O godz. 8.00 w całym kraju minutą ciszy uczczono pamięć tych, którzy zginęli w wojnie z Rosją. Jak mówił prezydent Wołodymyr Zełenski, to moment na zadumę. - To czas, by zastanowić się nad tym co jest ważne, wspomnieć tę chwilę. Pierwszy moment inwazji, chwilę, która wszystko zmieniła, podzieliła życie na to przed i po 24 lutego. Zmieniła każdego z nas. I musimy odpowiedzieć na pytanie: kim byliśmy do 24 lutego, kim jesteśmy i kim mamy się stać - podkreślał.

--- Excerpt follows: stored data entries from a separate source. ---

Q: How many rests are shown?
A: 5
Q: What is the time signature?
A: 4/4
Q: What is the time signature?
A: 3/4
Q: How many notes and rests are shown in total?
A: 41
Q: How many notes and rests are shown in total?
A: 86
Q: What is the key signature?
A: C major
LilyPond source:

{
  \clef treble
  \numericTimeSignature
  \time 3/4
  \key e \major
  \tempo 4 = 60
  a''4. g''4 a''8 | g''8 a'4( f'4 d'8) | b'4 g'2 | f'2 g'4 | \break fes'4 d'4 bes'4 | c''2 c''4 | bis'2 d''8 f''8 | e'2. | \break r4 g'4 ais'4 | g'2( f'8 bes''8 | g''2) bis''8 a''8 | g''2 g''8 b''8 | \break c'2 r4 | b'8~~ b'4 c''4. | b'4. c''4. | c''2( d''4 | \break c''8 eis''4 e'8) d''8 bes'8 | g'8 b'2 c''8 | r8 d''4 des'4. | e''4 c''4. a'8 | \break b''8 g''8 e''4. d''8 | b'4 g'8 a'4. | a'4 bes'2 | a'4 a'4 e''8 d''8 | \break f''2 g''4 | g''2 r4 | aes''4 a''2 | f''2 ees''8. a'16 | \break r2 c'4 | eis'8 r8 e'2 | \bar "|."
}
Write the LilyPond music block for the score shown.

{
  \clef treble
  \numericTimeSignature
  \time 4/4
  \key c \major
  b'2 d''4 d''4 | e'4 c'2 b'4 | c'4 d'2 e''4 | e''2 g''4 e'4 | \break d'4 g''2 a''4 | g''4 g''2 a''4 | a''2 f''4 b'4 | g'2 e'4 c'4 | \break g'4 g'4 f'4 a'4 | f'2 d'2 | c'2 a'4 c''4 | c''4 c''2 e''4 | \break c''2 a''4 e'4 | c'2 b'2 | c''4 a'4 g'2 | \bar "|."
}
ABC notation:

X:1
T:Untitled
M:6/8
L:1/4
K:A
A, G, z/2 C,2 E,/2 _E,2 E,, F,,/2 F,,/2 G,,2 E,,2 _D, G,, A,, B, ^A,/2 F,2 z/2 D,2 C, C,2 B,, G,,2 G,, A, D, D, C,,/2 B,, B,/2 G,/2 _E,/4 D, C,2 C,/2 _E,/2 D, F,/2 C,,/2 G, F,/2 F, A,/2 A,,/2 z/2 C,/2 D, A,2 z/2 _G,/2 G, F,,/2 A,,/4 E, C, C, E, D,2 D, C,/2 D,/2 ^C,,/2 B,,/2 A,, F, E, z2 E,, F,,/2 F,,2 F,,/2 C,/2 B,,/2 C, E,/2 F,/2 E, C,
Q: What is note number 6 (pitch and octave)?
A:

- Dziękujemy dzisiaj wszystkim, którzy stali, stoją i będą stali na straży granic, tym, którzy jako pierwsi rozpoczęli walkę - naszym strażnikom granicznym, piechocie, czołgistom, artylerzystom, służbom specjalnym, policji, Gwardii Narodowej, wywiadowi - dodał.
"Nie jest ważne co na pagonach, ważne jest to, co w sercach"
Podkreślał, że obrońcy ojczyzny walczą o każdy metr ziemi od pierwszych chwil rosyjskiej inwazji. - Nie jest ważne co na pagonach, ważne jest to, co w sercach.
Prezydent Wołodymyr Zełenski mówił, że do obrony stanął cały ukraiński naród. - Ukraiński naród uczynił wszystko, by te słowa nie były tylko słowami, pustymi hasłami, a przerodziły się w czyn. I dziś odpowiadając na pytanie, co robiłem do 24 lutego mało kto nie odpowie: żyłem cywilnym życiem, byłem inżynierem, rolnikiem, aktorem , adwokatem. Byłem tym kim byłem, ale zostałem tym, kim musiałem. Obrońcą. I walczę - podkreślał.
14 lipca 2023 roku Rada Najwyższa postanowiła, że Dzień Obrońcy Ukrainy będzie obchodzony 1 października, a nie tak jak dotychczas- 14 października.